One name is missing, the most famous of this generation of Americans: 22-year-old Gracie Gold.
The two-time national champion and 2014 Olympic team bronze medalist announced in the fall that she was in treatment for an eating disorder, anxiety and depression.
Sadly, she withdrew from Olympic consideration after missing the entire fall skating season, but her story is a cautionary tale that might prove more important than any triple jump landed here this week.
Nagasu and Wagner represented the United States on the same junior world team “eons ago,” Wagner said, and both began their Olympic level careers at the same U.S. nationals, in 2008, which Nagasu won, while Wagner finished third.
Nagasu came in a surprising fourth at the 2010 Winter Olympics, which Wagner just missed, while Wagner finished seventh at the 2014 Winter Olympics (and won a team bronze medal) after she was chosen for Sochi ahead of Nagasu in a controversial but ultimately correct decision.
“She and I really understand what it’s like to be sitting at home during the Olympics, and what it’s like to be on top,” Wagner said of Nagasu. “She and I sticking around this long is pretty cool.”
While Wagner, the 2016 world silver medalist, struggles with jumps that are sometimes flagged for being under-rotated, she also has been remarkably consistent in her 10 national championships, finishing lower than fourth only once while winning three times.
Nagasu is a sentimental favorite here this week, with plans to try the difficult triple axel in both her short and long programs, but her career has been plagued by disappointing inconsistency.
Since finishing third at the 2014 nationals, she has placed 10th, fourth and fourth.
Even this season, she has been unreliable, finishing fourth and 9th in her Grand Prix events.
Wagner, who readily admits that she has “not had a good season at all,” finished third in one Grand Prix event and withdrew in the midst of her long program at the other due to an ankle infection.
Leading the charge of the next generation of American women is the 19-year-old Tennell, who came in third at Skate America in November with the highest international score of any U.S. woman this season.

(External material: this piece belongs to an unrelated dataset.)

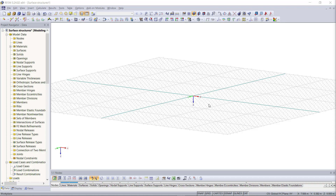Hi and welcome back to another video within our tutorials modeling with RFM5. Our last tutorial was about cable structures and the theory behind the calculation. This video will be about modeling surface structures, and for that we will do a very simple example which will be a basic concrete structure with a slab and some walls.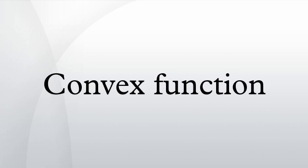Zalinescu, C. Convex Analysis in General Vector Spaces. River Edge, NJ, World Scientific Publishing Company, Inc. pp. XX + 367. ISBN 981-238-067-1.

Chen, 18, won nationals last year and then finished fourth at the world championships, a performance that ensured the United States would have three slots at the Olympics.
But she has struggled this season, proving just how difficult sustaining greatness can be from one year to the next.
If staying on top for one year as a teenager in this sport is hard, try four years. Edmunds, 19, a 2014 Olympian, is living proof that it’s almost impossible to do.
She has battled injuries and is trying again, an ingenue turned into a wily veteran.
Meanwhile, Bell, 21, showed a flash of brilliance last year in making the world championships, but has underperformed this season, at least so far.
As the women’s event begins Wednesday with the short program, the role of U.S. women’s skating champion in an Olympic year remains one of the most coveted in all of sports.
It’s a title that belongs to the ages, to the Flemings and Hamills and Kwans.
It will also belong to one strong American athlete, followed by her two Olympic teammates, by the end of this week, whether you remember her name or not.